Nine type of IT Disaster
There are nine type of IT Disaster that could be happen every day in IT environment, from user error to hardware failure. This article discussed how IT Disaster happened and how we could prepare against this matter. The original list taken from Unix Backup and Recovery by W. Curtis Preston
1. User error
This has been, by far, the biggest percentage of restores in every environment that I have seen. "Hey, I was sklocking my flambality file, and I accidentally pressed the jankle button. Can you restore it, please?" This one is pretty easy, right? What about the common question: "Can you restore it as of about an hour ago?"
2. System-staff error
This is less common than user error (unless your users have root), but when it happens, oh boy, does it happen! What happens when you newfs your Informix raw device or delete a user's home directory? These restores need to go really fast, since they're your fault. As far as protecting yourself from this type of error, the same is true here as for user errors-either typical nightly backups or snapshots can protect you from this.
3. Hardware failure
Most books talk about protecting yourself from hardware failure, but they usually don't mention that hardware failure can come in two forms: disk drive failure and system-wide failure. It is important to mention this, because it takes two entirely different methods to protect yourself from these failures. Many people do not take this into consideration when planning their data protection plan.
4. Disk drive Failure
Protecting your systems from disk drive failure is relatively simple now. Your only decision is how safe you want to be. Mirroring, often referred to as RAID 1, offers the best protection, but it doubles the cost of your initial drive and controller hardware investment. That is why most people choose one of the other levels of RAID (Redundant Arrays of Independent Disks), the most popular being RAID 5. (RAID 5 volumes protect against the loss of a single drive by calculating and storing parity information on each drive.)
5. Software failure
Protecting yourself from software failure can be difficult. Operating system bugs, database bugs, and system management software bugs can all cause data loss. Once again, the degree to which you protect yourself from these types of failures depends on which type of backups you use. Taking frequent snapshots is the only way to truly protect yourself from losing data, possibly a lot of data, from software failure.

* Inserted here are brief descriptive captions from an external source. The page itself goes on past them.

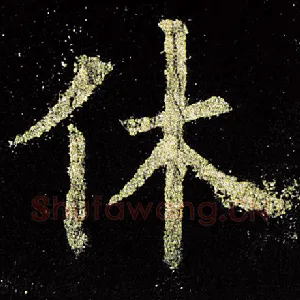 休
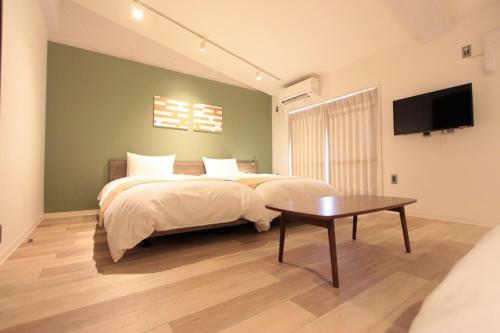 Apartamentos Riverside Arashiyama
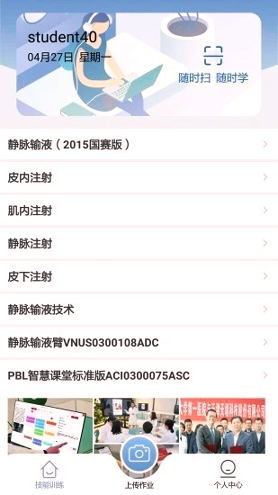 随时练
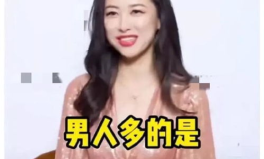 娱乐圈吃瓜爆料特效,吃瓜爆料特效大揭秘!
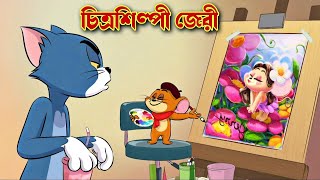 Tom and Jerry । Tom and Jerry Bangla । Tom and Jerry cartoon । tom and jerry tom and jerry । cartoon [upl. by Onaivlis686]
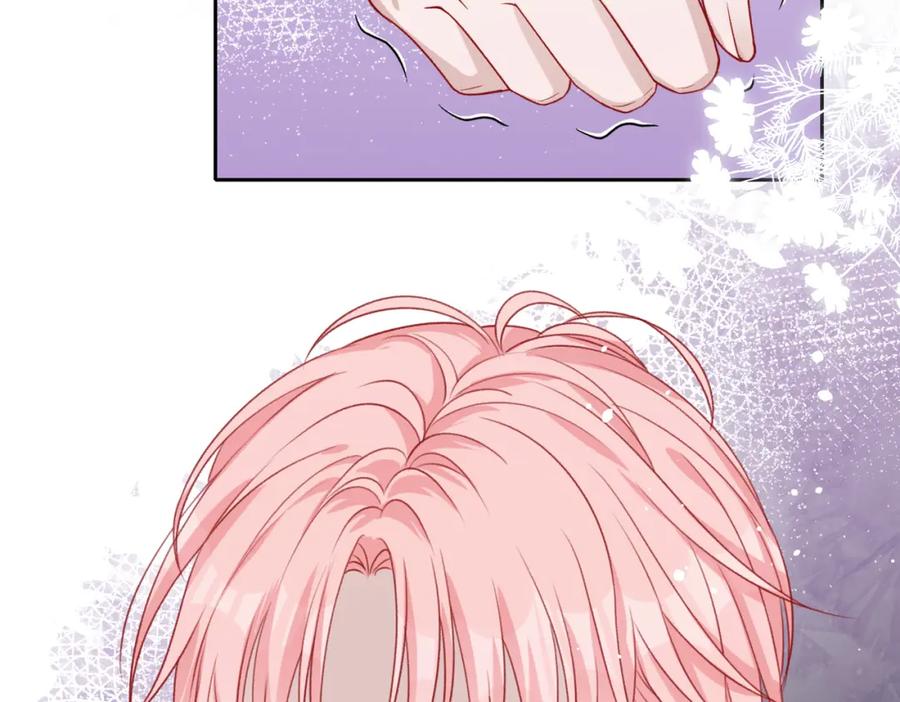 《愿赌服输》第42话 樊景出事了 第72页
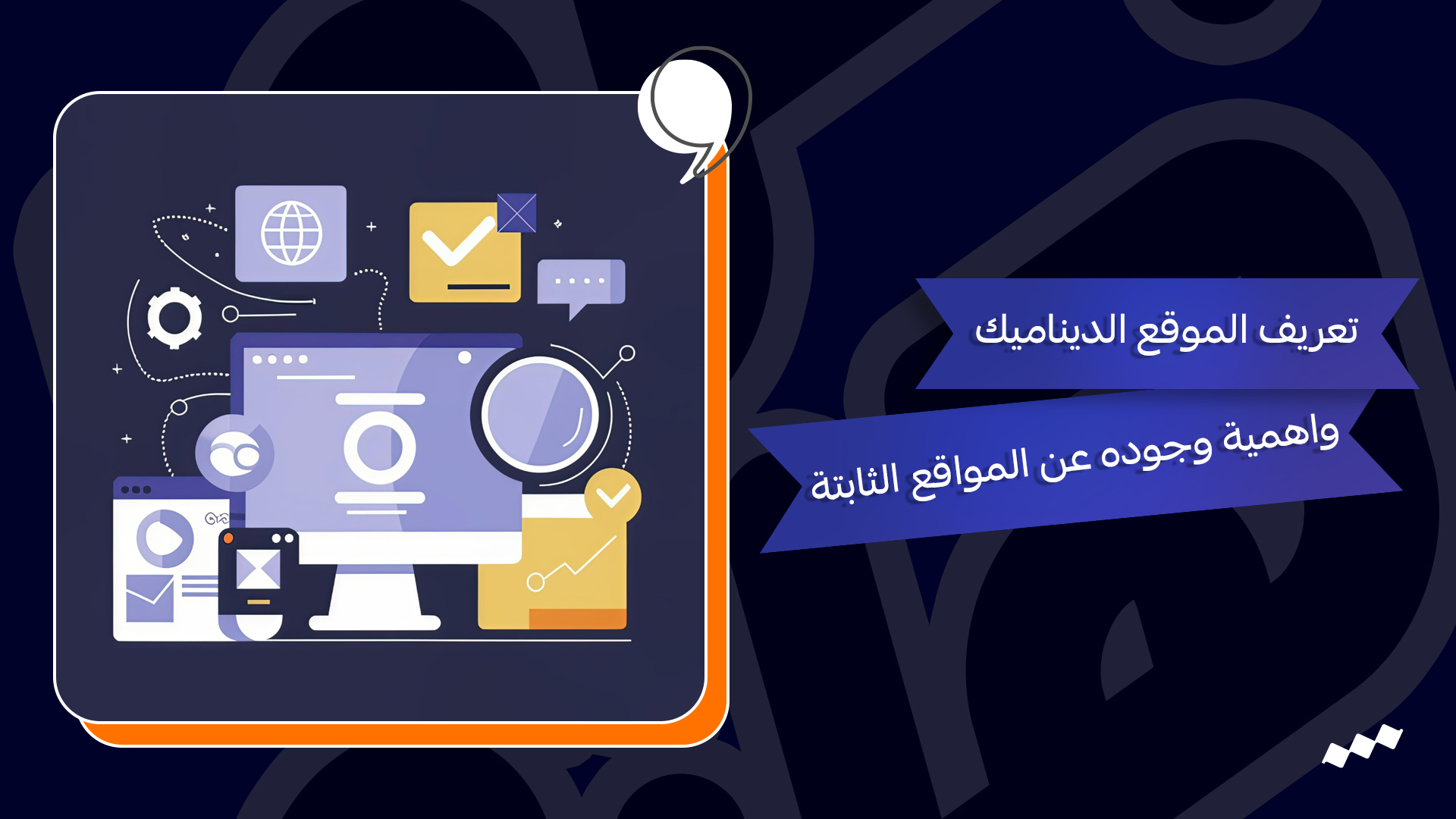 تعريف الموقع الديناميك واهمية وجوده عن المواقع الثابتة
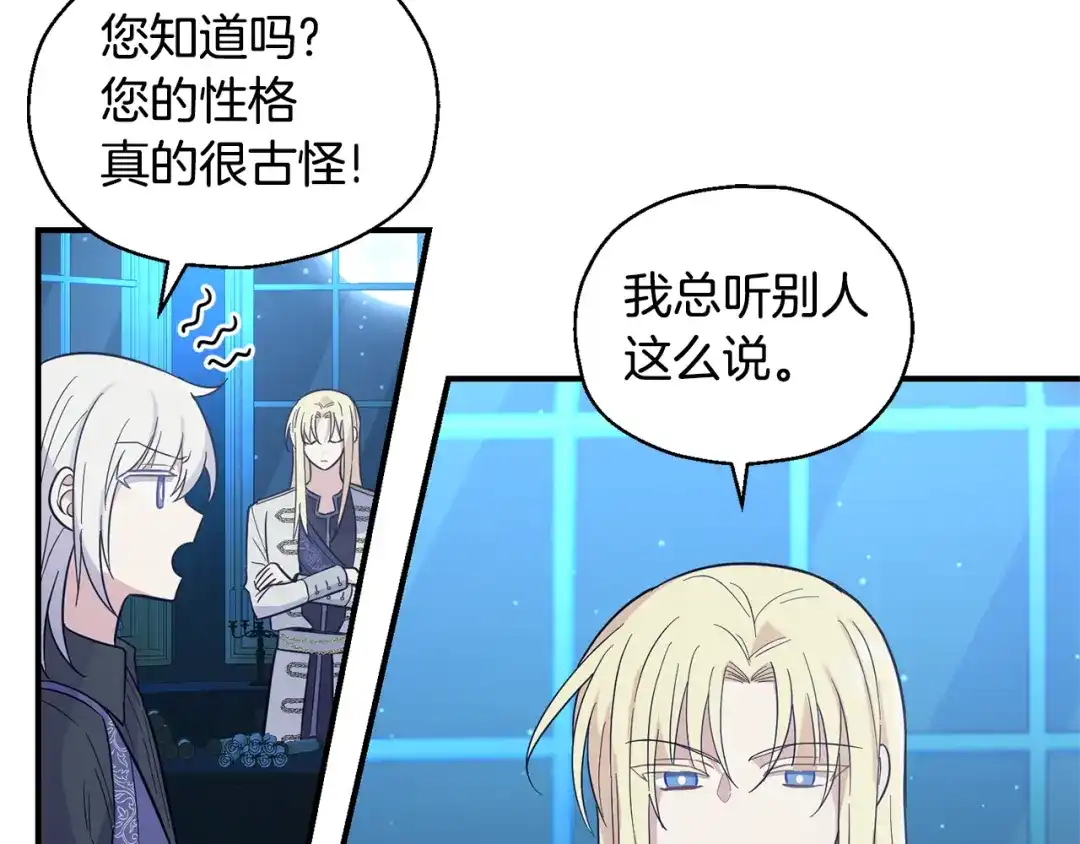 最菜魔王又怎样？ 第117话 大家保重 第32页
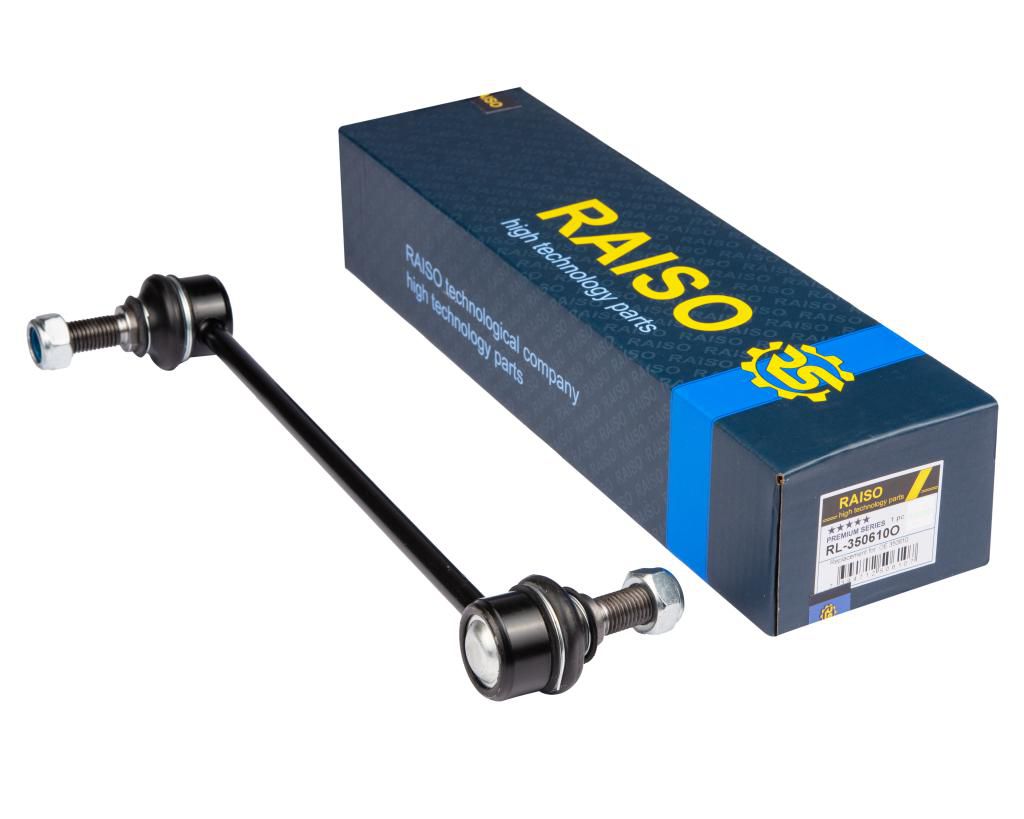 RAISO - RL-350610O - Тяга стабілізатора перед.  Opel Corsa C, Vectra B, Meriva// Saab 9-5 1.0-2.2Dti 10.95-05.10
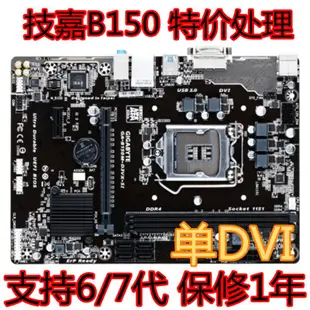 【當天出貨】新MSI/微星 B150M PRO-VD B150主板DDR4 1151針 全集成 H110 B250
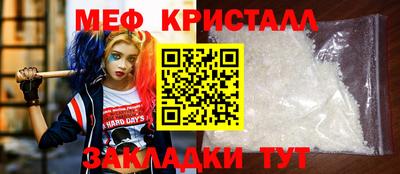 скорость Кумертау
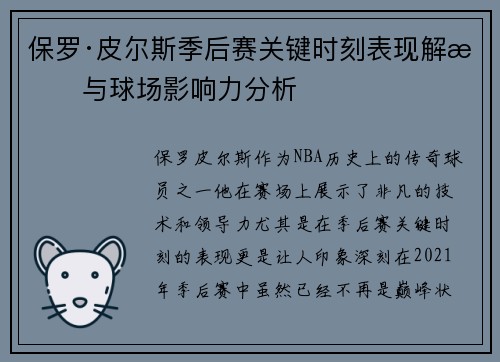 保罗·皮尔斯季后赛关键时刻表现解析与球场影响力分析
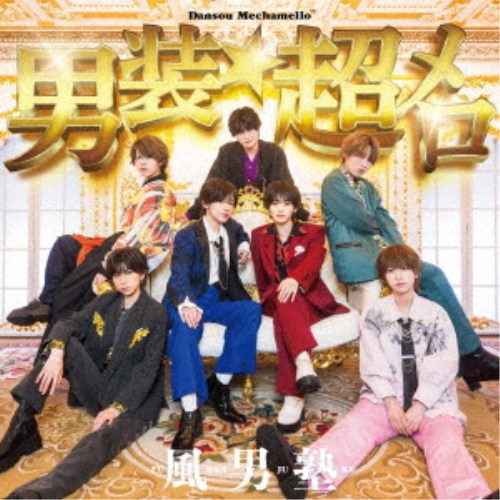 商品種別CD発売日2026/06/24ご注文前に、必ずお届け日詳細等をご確認下さい。関連ジャンル邦楽ポップス特典情報初回特典ランダムトレーディングカードアーティスト風男塾収録内容Disc.101.男装★超メロ(-)02.グイグイ(-)03.ザ・だっぴーず(-)04.男装★超メロ (INSTRUMENTAL)(-)05.グイグイ (INSTRUMENTAL)(-)06.ザ・だっぴーず (INSTRUMENTAL)(-)商品概要風男塾、通算40枚目のシングルがリリース決定！通常盤商品番号TECI-998販売元テイチクエンタテイン組枚数1枚組 _音楽ソフト _邦楽_ポップス _CD _テイチクエンタテイン 登録日：2026/04/09 発売日：2026/06/24 締切日：2026/05/07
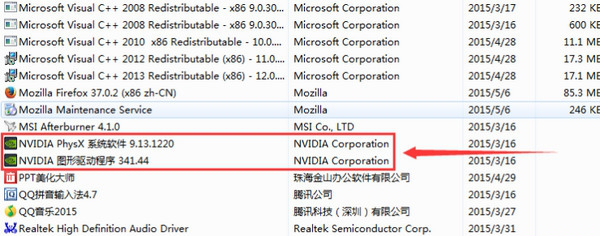 驱动人生网卡版
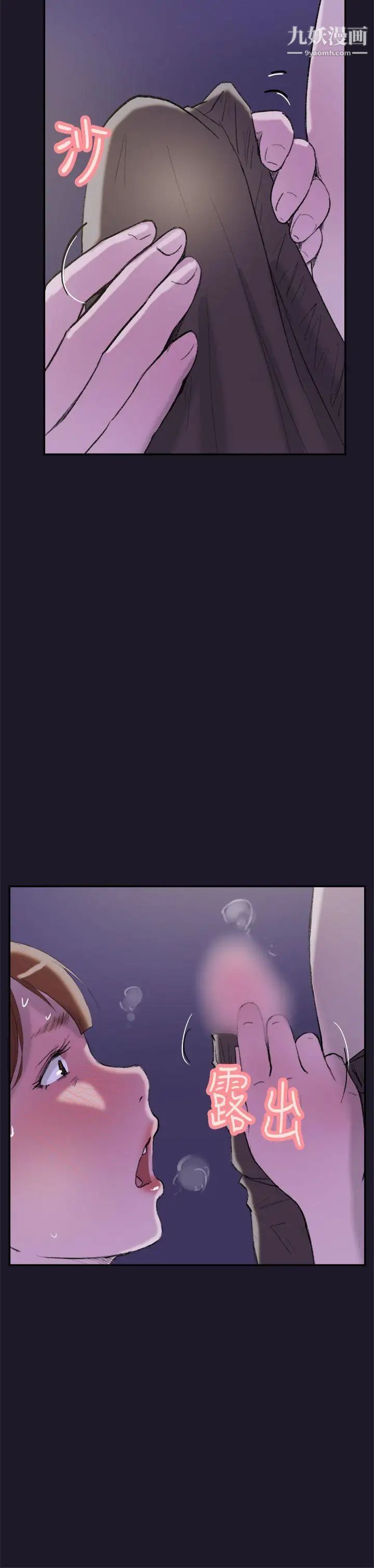 雙重戀愛第30話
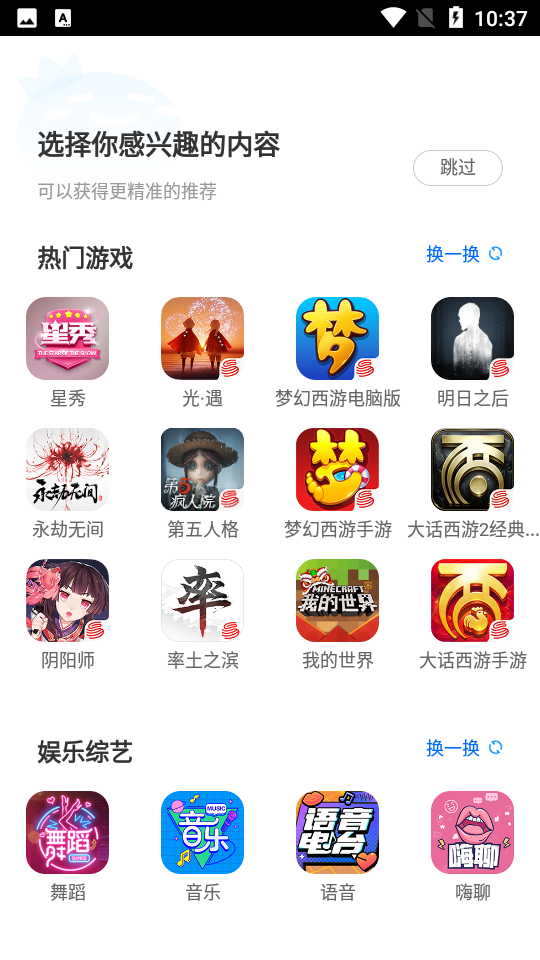 cc直播官方 v4.1.0502357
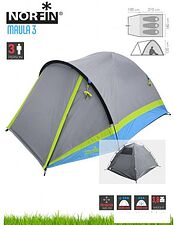 Треккинговая палатка Norfin Maula 3 (серый/голубой)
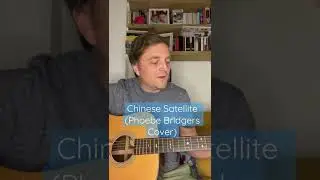 &lsquo;Chinese Satellite&rsquo; (Phoebe Bridgers Cover) Looking forward to seeing her at BST Hyde Park!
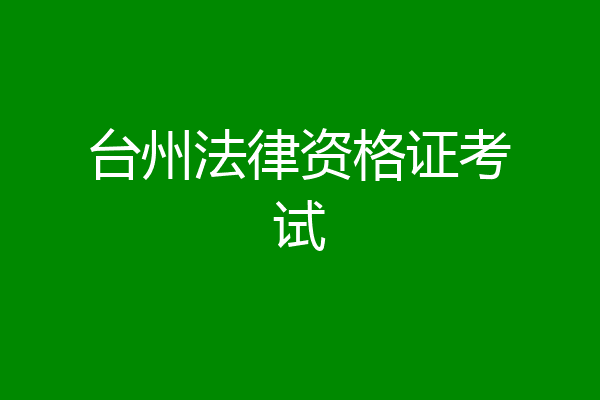 台州法律资格证考试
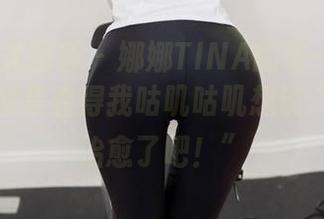 YouMi尤蜜荟 - 娜娜TINA的每一页清纯,全套图集看得我咕叽咕叽想说“这也太治愈了吧!”
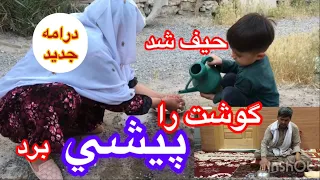 نمي خواستم كاسه نان تر چپه كنوم /ولي پيشي گوشت ره خورده بود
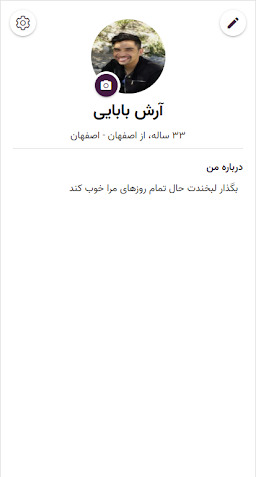 عکس آرش بابایی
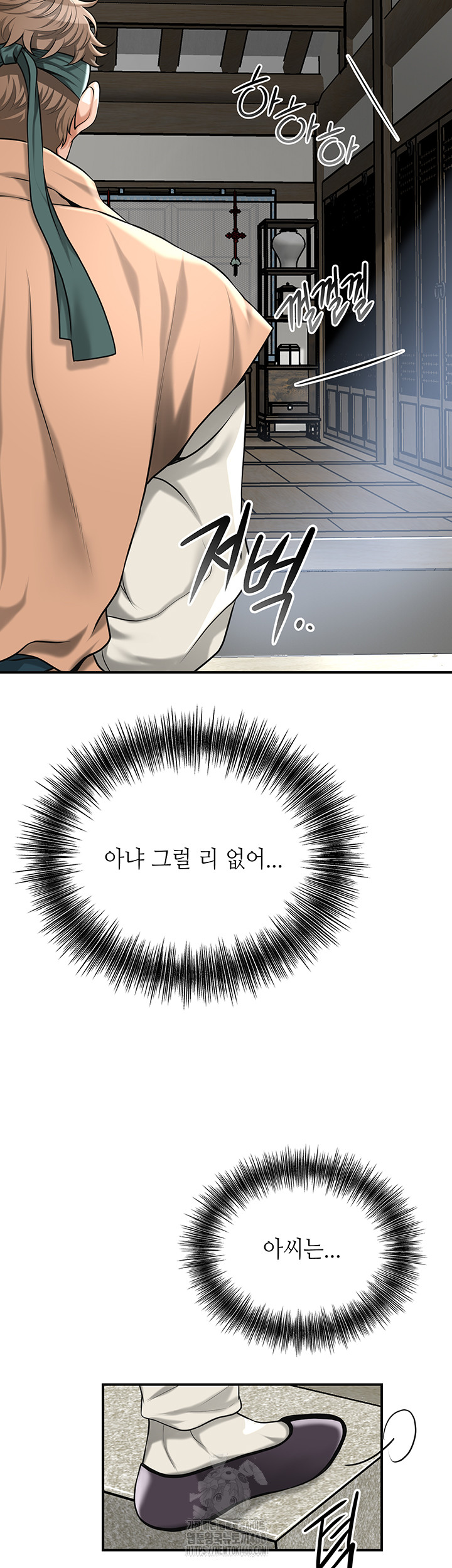 Brothel Raw - Chapter 61 Page 25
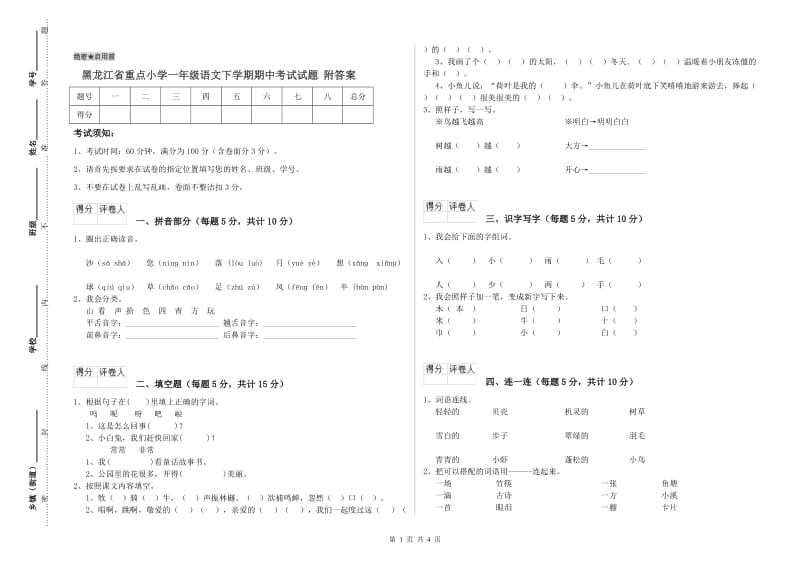 黑龙江省重点小学一年级语文下学期期中考试试题 附答案.doc_第1页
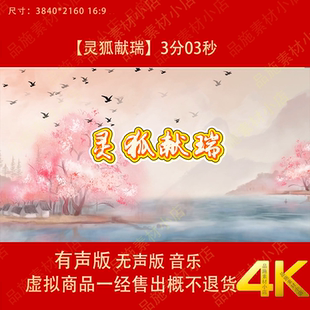 灵狐献瑞 少儿舞蹈成品唯美古风山水LED大屏幕高清背景视频素材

6. Electronic break-ins, vandalism, and theft
These three causes of data loss are really beyond the scope of this book, but their impact on your system is not. If you do lose data due to any one of these, it's really no different from any other type of data loss. If you want to really protect yourself from losing data in this manner, I highly recommend reading the book from which I borrowed this list, Practical Unix and Internet Security.
7. Natural disasters
Are you prepared for a hurricane, tornado, earthquake, or flood? If you're not, you're not alone. Imagine that your entire state was wiped out. If you are using off-site storage, is their facility close to you? Is it prepared to handle whatever type of natural disasters occur in your area? For example, if your office is in a flood zone, does your data storage company store your backups on the first floor? If they're in the flood zone as well, then your data can be lost in one good rain. If you really want to ensure yourself against a major natural disaster, then you should explore real-time, off-site storage at a remote location, discussed later in this chapter.
8. Other disasters
I remember when we used to test our disaster recovery plan at one company. We would pretend that some sort of truck blew up on the street that ran by our data center. The plan was to recover to an alternate building. This would mean that we would have to have off-site storage of media and an alternate site that was prepared to accommodate all our systems. A good way to do this is to separate your production and development systems and place them in different buildings. The development systems can then take the production systems' place, if the production systems are damaged or if power is interrupted to the production building.
9. Archival information
It is a terrible thing to realize that a very important but rarely used file is missing. It is even more terrible indeed to find out that it has been gone longer than your retention cycle. For example, you keep your backups for only three months, after which you reuse the oldest volume, overwriting any backups that are on that volume. If that is the case, then any files that have been missing for more than three months are impossible to recover. No matter how insistent the user is about how important the files are, no matter how many calls he makes to your supervisors, you will never be able to restore the files. That is why you should archive your volumes on a regular basis.